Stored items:
┄┄┄┄┄┄┄┄┄┄

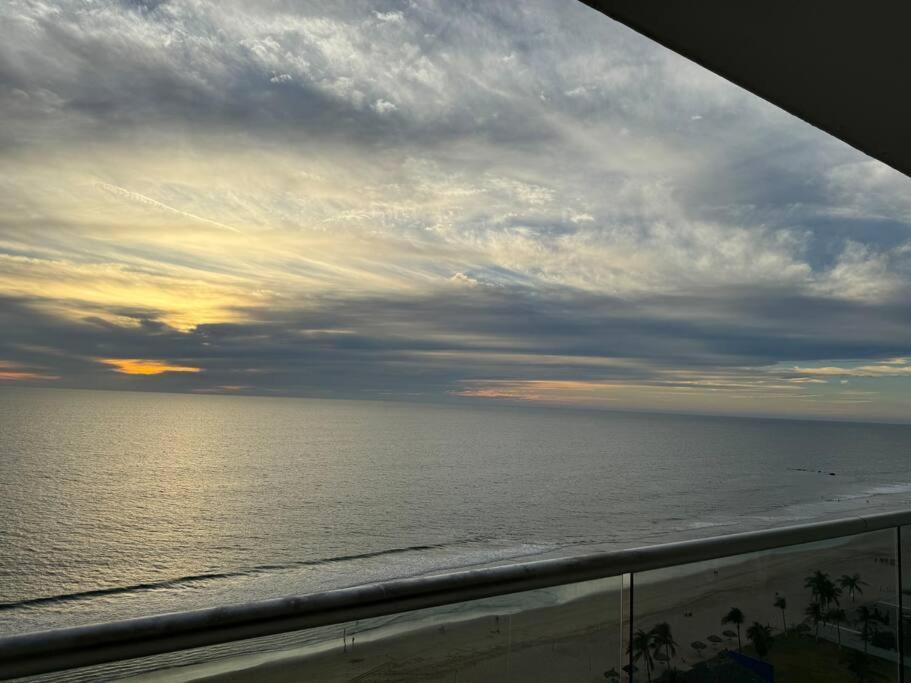 Ferienwohnung Departamento De Lujo Vista Al Mar Piso 15 Mazatlán Exterior foto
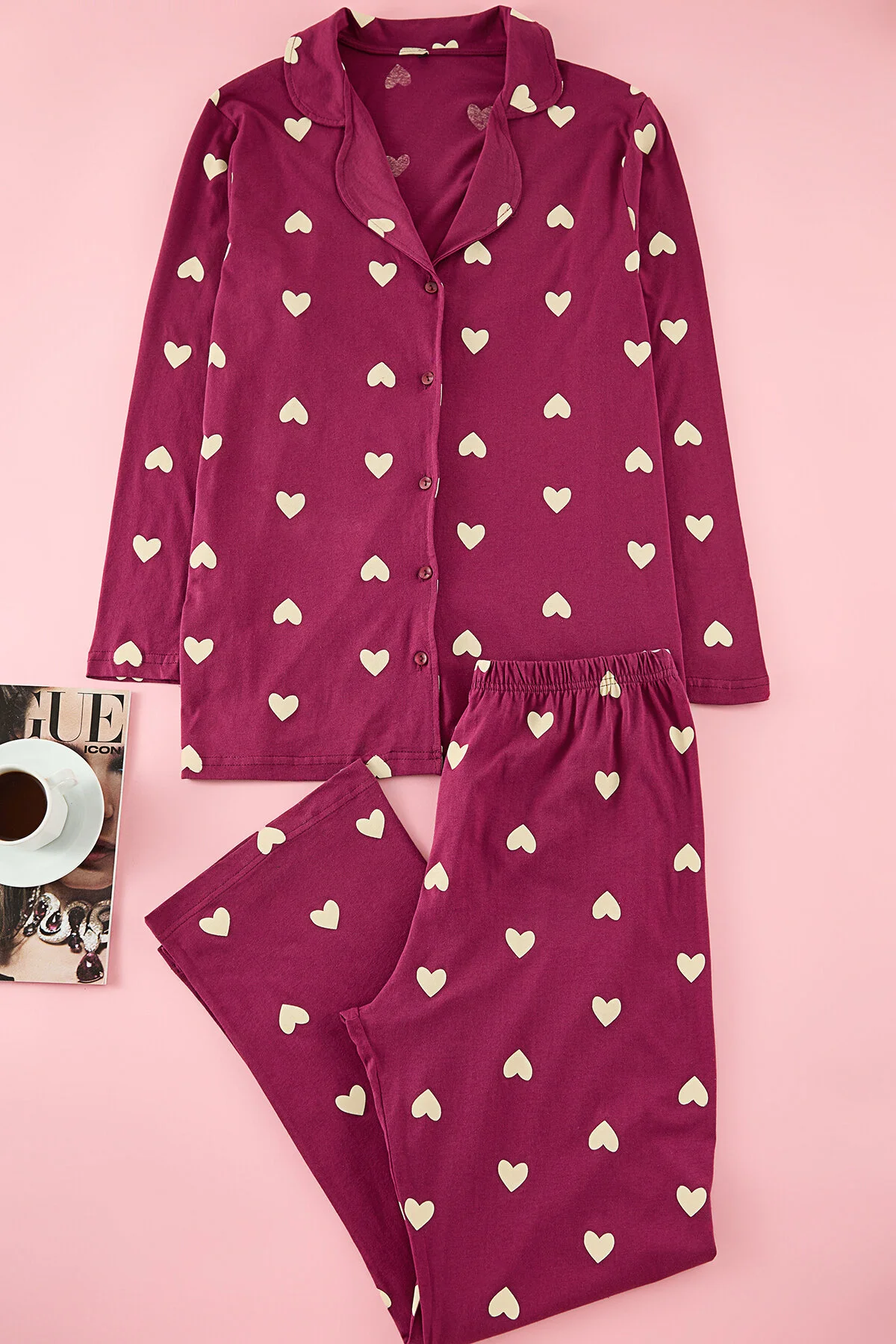 Bild von Trendyol Curve Gestricktes Pyjama-set Mit Kirschherz-hemdkragen für Damen - 4XL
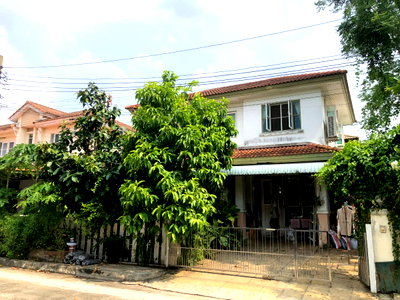 บ้านเดี่ยว รร.กสิณธรเซนต์ปีเตอร์ : 🔥 ขายด่วน บ้านเดี่ยวราคาถูก  หมู่บ้านชลลดา วงแหวนรัตนาธิเบศร์ Chollada Wongwaen-Rattanathibet   ขายตามสภาพ ทำเลซอยวัดลาดปลาดุก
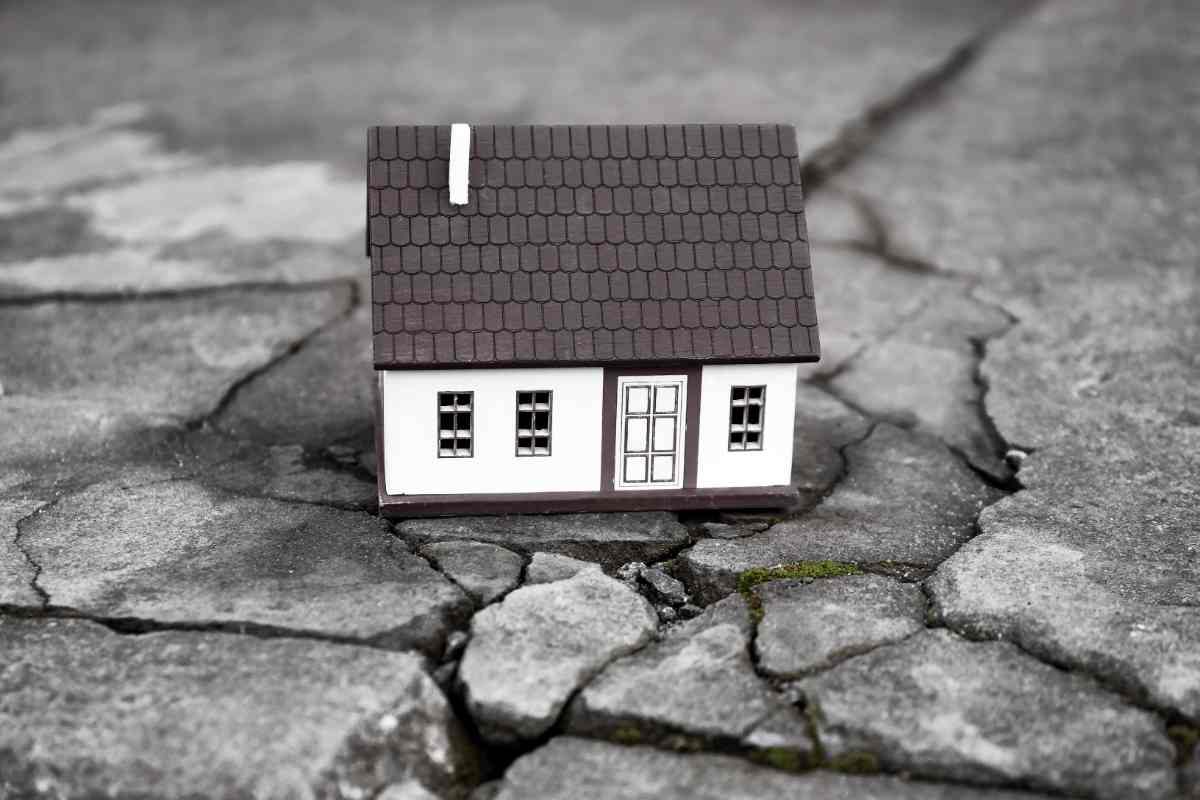 una casetta su un terreno crepato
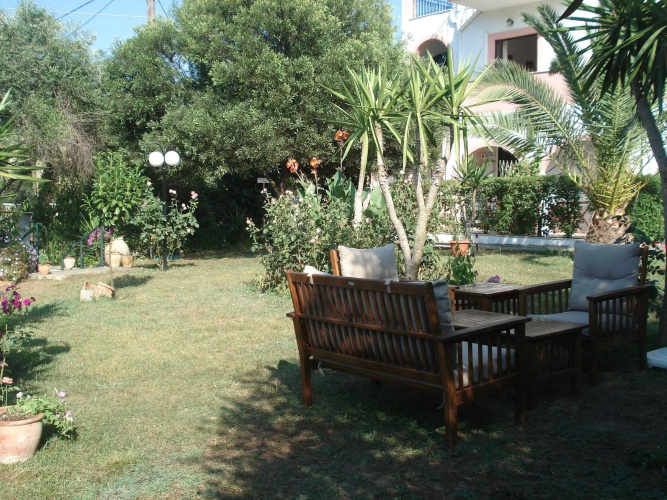 Villa Avra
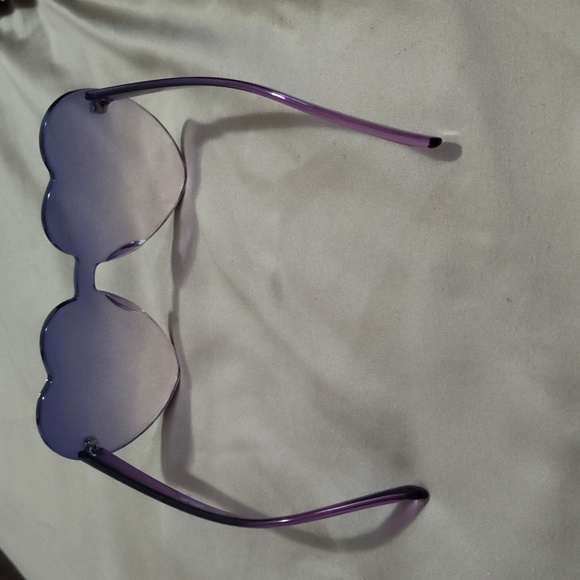 Purple faded heart sunglasses hand polished - Picture 2 of 2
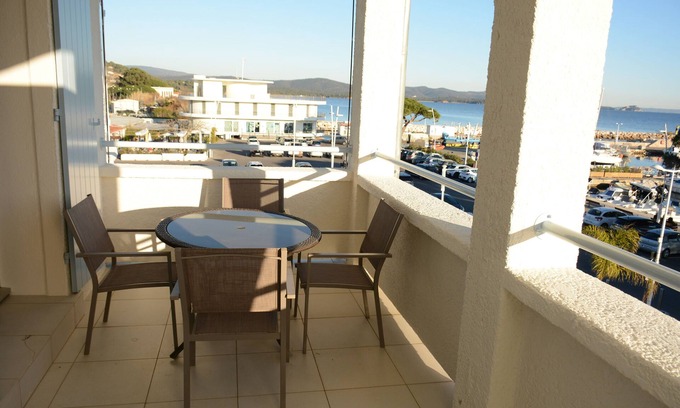 Miramar Apartment | Beautiful T2 apartment on 1st floor on the Port of La Londe Les Maures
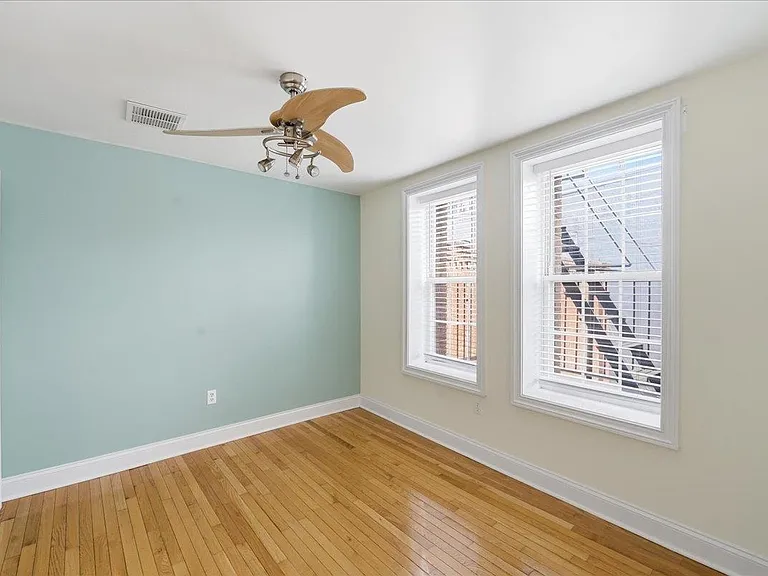 90 Court House Pl #2R — Photo 1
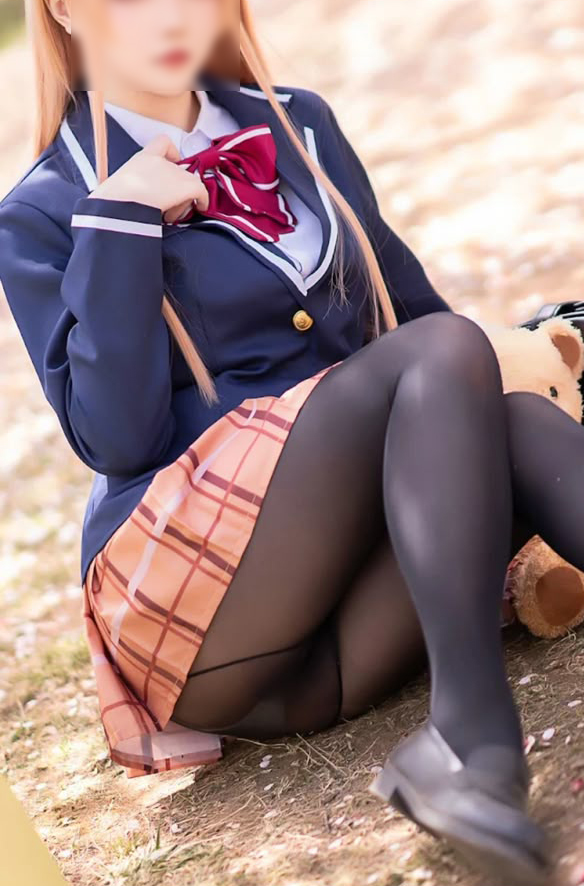 コスプレイヤー 座りパンチラ！パンツもエロいけど太もものムチムチ感がたまんないっす♡002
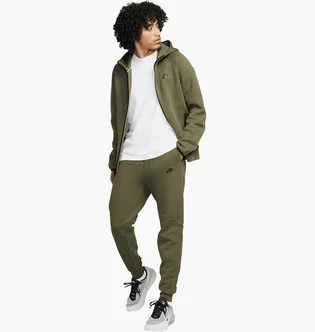 Спортивный костюм мужской Nike Sportswear Tech Fleece Tracksuit Green FB7921-222__FB8002-222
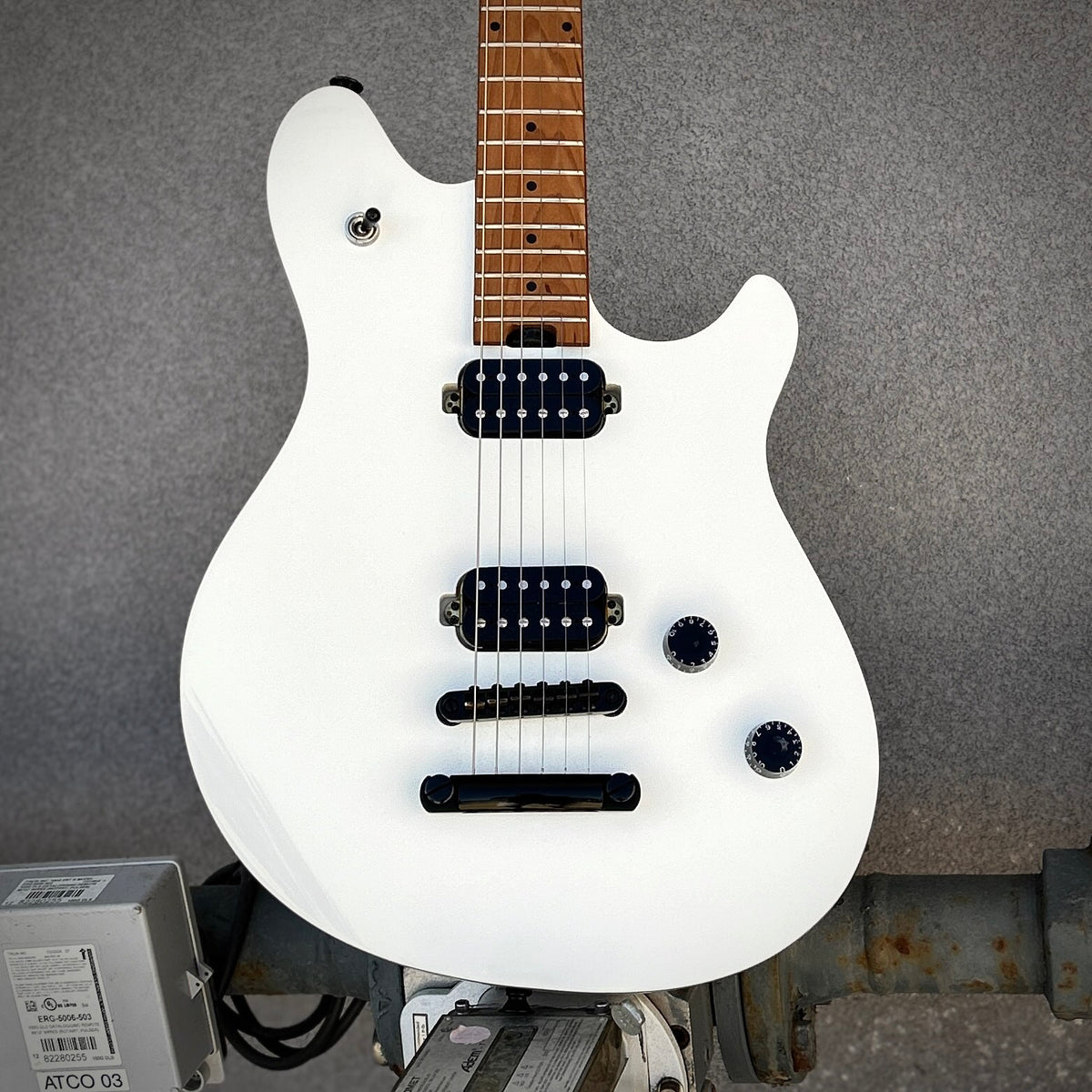 2025 EVH Wolfgang Standard T.O.M., Baked Maple Fingerboard, Cream White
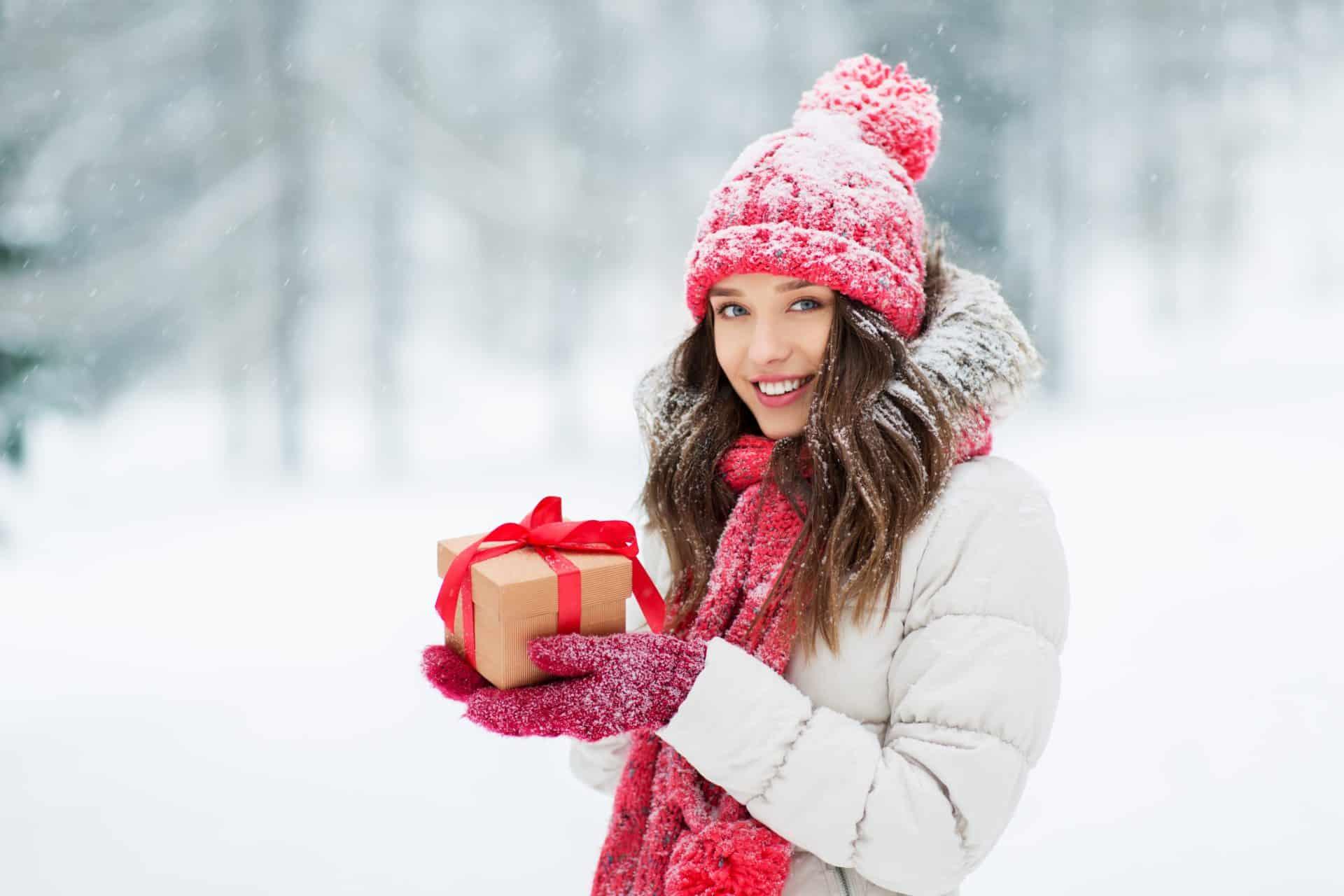 Discover the ideal Christmas gift for the college girl in your life with this fun and engaging quiz!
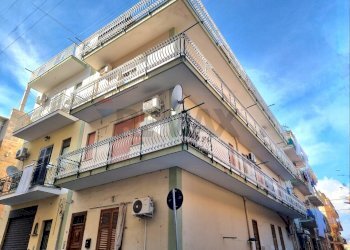 Edificio all\'aperto - Quadrilocale VIA FILIPPO CORDOVA
 
2, Villabate - foto 21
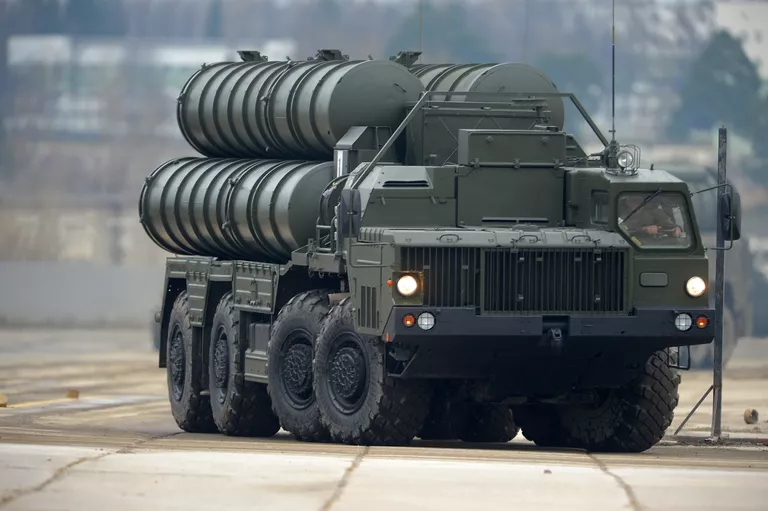 Зенитный ракетный комплекс С-400 Зенитный ракетный комплекс С-400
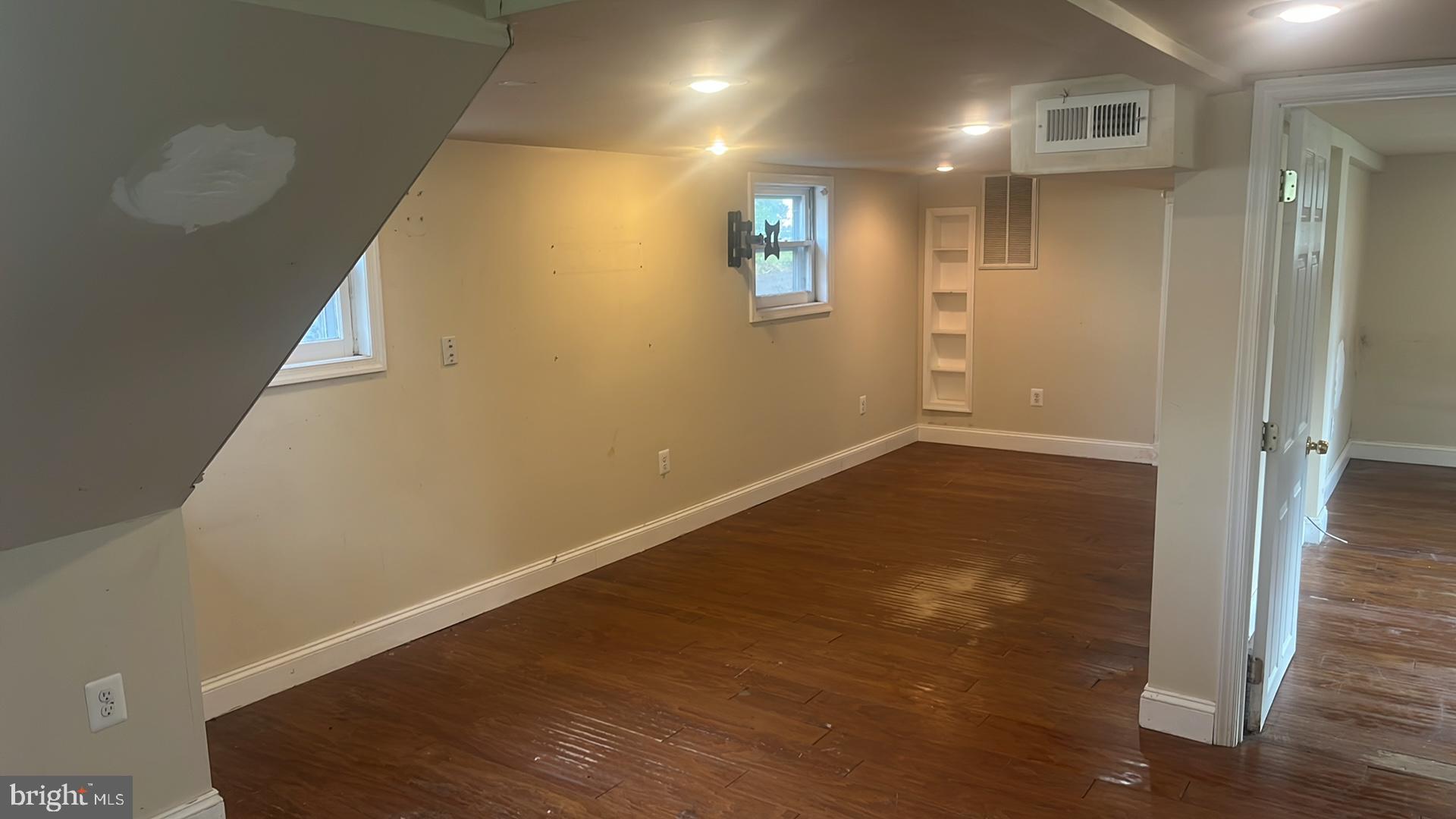 1704 Twickenham Road Pasadena, MD 21122 - Photo 12 of 19 Spacious room with natural light and charm.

┄┄┄┄┄┄┄┄┄┄

■ **Problem details**:
Every line of the data above is to be set down exactly; the pictures are not.

■ **Solution to this exercise**:
 Ferienwohnung Departamento De Lujo Vista Al Mar Piso 15 Mazatlán Exterior foto
 Bild von Trendyol Curve Gestricktes Pyjama-set Mit Kirschherz-hemdkragen für Damen - 4XL
 บ้านเดี่ยว รร.กสิณธรเซนต์ปีเตอร์ : 🔥 ขายด่วน บ้านเดี่ยวราคาถูก  หมู่บ้านชลลดา วงแหวนรัตนาธิเบศร์ Chollada Wongwaen-Rattanathibet   ขายตามสภาพ ทำเลซอยวัดลาดปลาดุก
 una casetta su un terreno crepato
 Villa Avra
 Purple faded heart sunglasses hand polished - Picture 2 of 2
 Miramar Apartment | Beautiful T2 apartment on 1st floor on the Port of La Londe Les Maures
 90 Court House Pl #2R — Photo 1
 コスプレイヤー 座りパンチラ！パンツもエロいけど太もものムチムチ感がたまんないっす♡002
 Спортивный костюм мужской Nike Sportswear Tech Fleece Tracksuit Green FB7921-222__FB8002-222
 2025 EVH Wolfgang Standard T.O.M., Baked Maple Fingerboard, Cream White
 Discover the ideal Christmas gift for the college girl in your life with this fun and engaging quiz!
 Edificio all\'aperto - Quadrilocale VIA FILIPPO CORDOVA
 
2, Villabate - foto 21
 Зенитный ракетный комплекс С-400 Зенитный ракетный комплекс С-400
 1704 Twickenham Road Pasadena, MD 21122 - Photo 12 of 19 Spacious room with natural light and charm.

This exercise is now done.